Friday, May 1, 2009

...when the world ends...(part one)

I sit in the car outside of the gym, understanding that the end of my life and the world as I knew it was drawing ever closer. I prepared myself for it all. What would be the most memorable way to call a time of death? Should it be memorable like Virginia Woolf in The Hours? Will there be an afterlife? Will I go to Heaven or Hell?

My heartrate keeps dropping as I watch with a haunting gaze at the clock. It is five o’clock in the evening. Four more hours and it all ends…my heart will finally stop annoying me with its incessant beating. I have done everything to prevent the end of the world, but it’s out of my hands. I may wait in hope that there will arrive a cure; but with the arrival of yet another minute—five-oh-one—my heart gives up.

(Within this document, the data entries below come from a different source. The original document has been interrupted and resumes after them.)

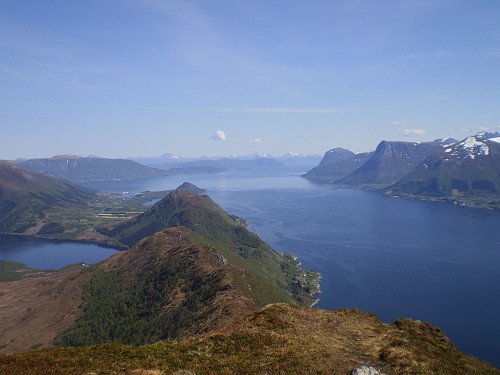 Kongsvollen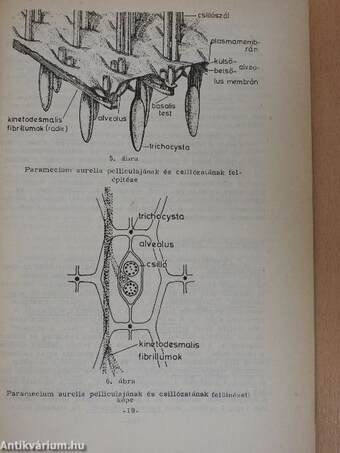 Összehasonlító anatómia (Boncolási gyakorlatok) I.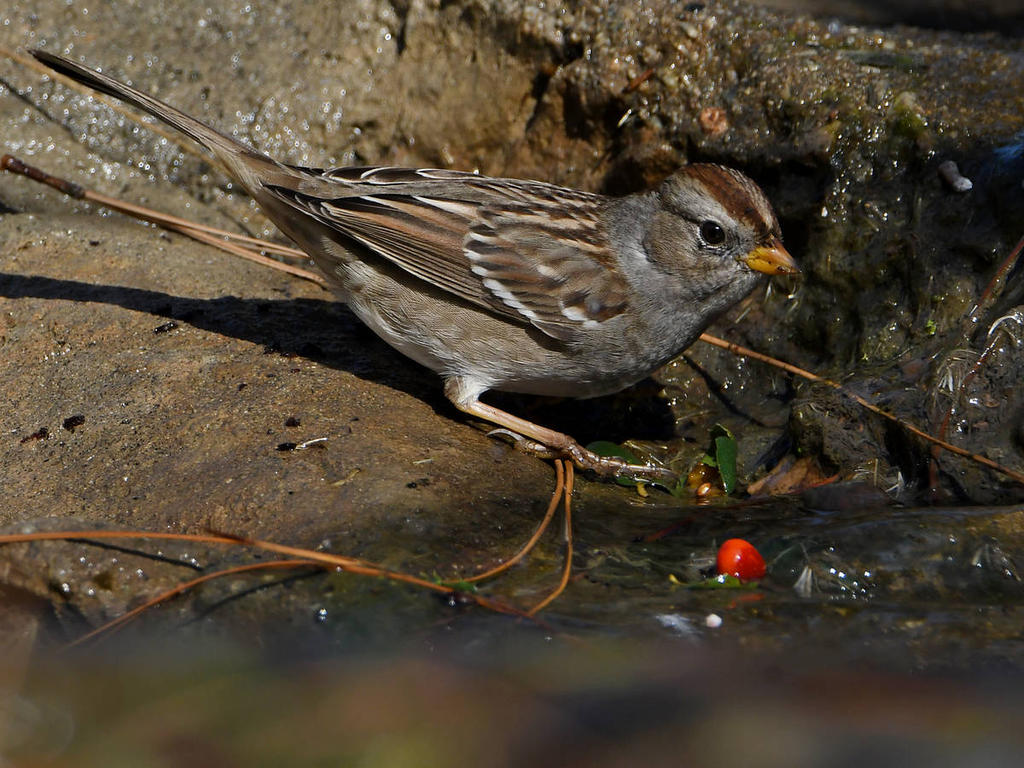 Sparrow3.jpg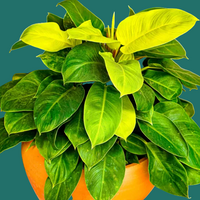 Potted Moonlight Philodendron plant with large green leaves in an orange pot against a green background, by House of Agave.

Forty-eight hours earlier…

Jesus once said that the world will know the signs of the End Times by “Labor Pains.” Tragedies that will occur that will only remind us that the end of the world is near. I got my first labor pain of the End on Friday, April 24th 2009.

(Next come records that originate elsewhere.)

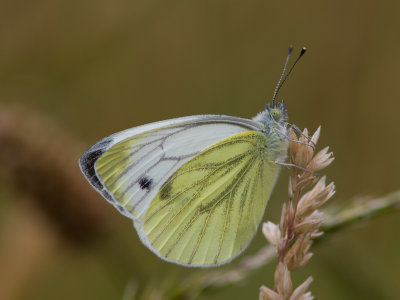 Klein geaderd witje / Green-veined White / Pieris napi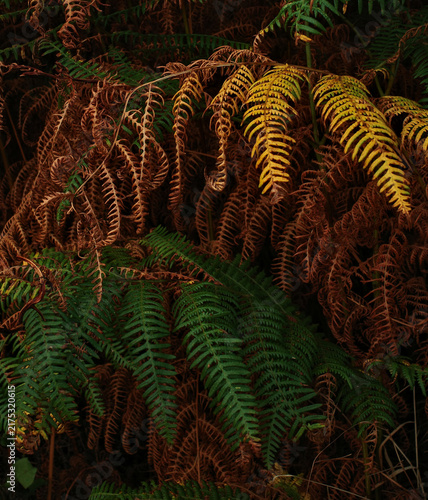 green fern leaves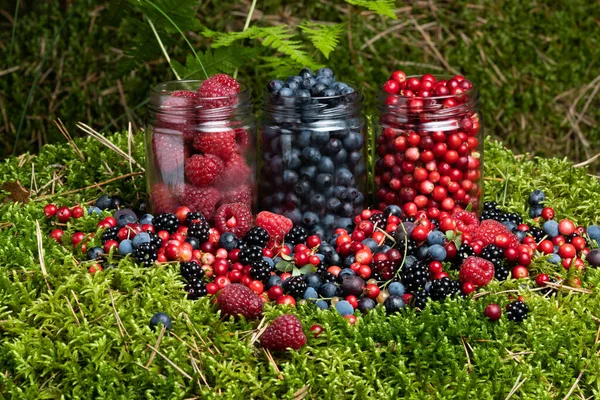 Assorted Berries Fresh Mix Colorful Arrangement Forest — Stock Photo, Image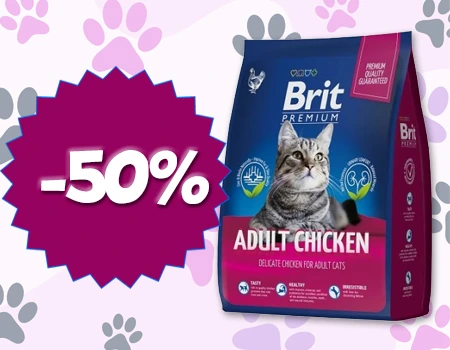 BRIT Premium: скидка 50%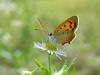 작은주홍부전나비 (Lycaena phlaeas) - Small Copper Butterfly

DING! DING! My iPhone chimes as I am about to leave the break room and back to work. Text Message! Curious, I return to my phone to check out the text message I had received. I hit the home button and my phone came to life to reveal a number that I had not expected to read.

Jeff had texted me. I may have deleted his phone number, but it has been forever engraved into my head.

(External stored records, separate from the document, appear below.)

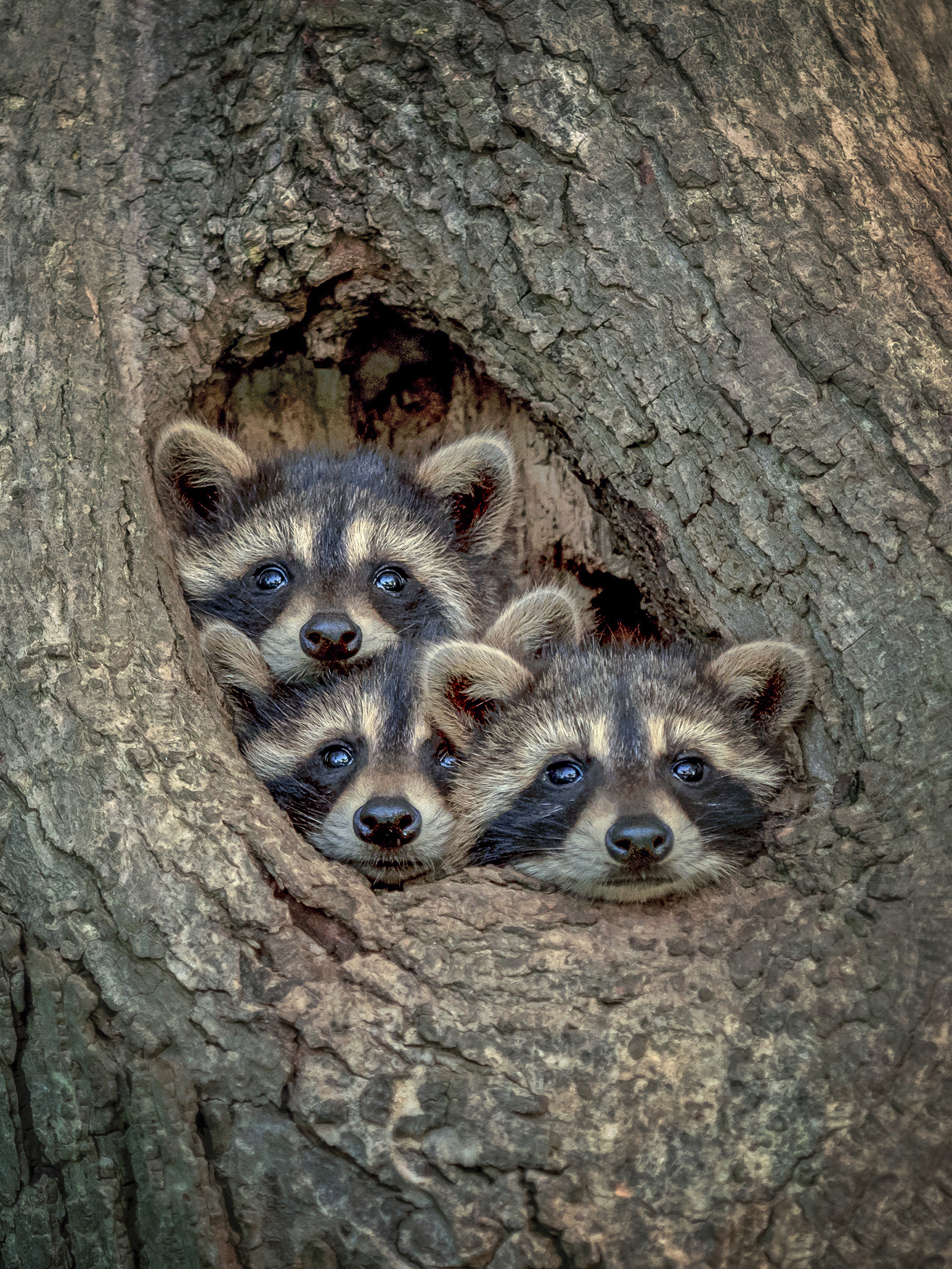 When you just can't wait your turn to look raccoons by Kevin Biskaborn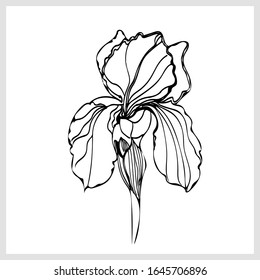 Iris sketch. Image on a white background .Vector. 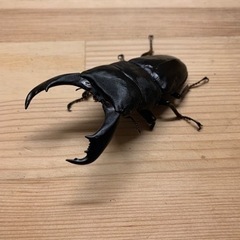 テイオウヒラタクワガタB♂単品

My heart dropped. I couldn’t believe the fucker had the nerve to write me on such a bad day to want to talk to me. I was already having a bad day with not only being called into work on my day off, but also to be dealing with complete idiots and their ridiculous drink orders. The fact that Jeff had the nerve to write me just drove me out of my mind with anger.

“I’m back!” the message heralded in all caps. So annoying. “I just added minutes on my phone! I have Monday and Tuesday off this week if you want to hang out.”

I simply did not have any time to deal with this at this time. I groaned as I angrily bit back. “Wow. You exist.” As I threw my phone back into my locker and back to work.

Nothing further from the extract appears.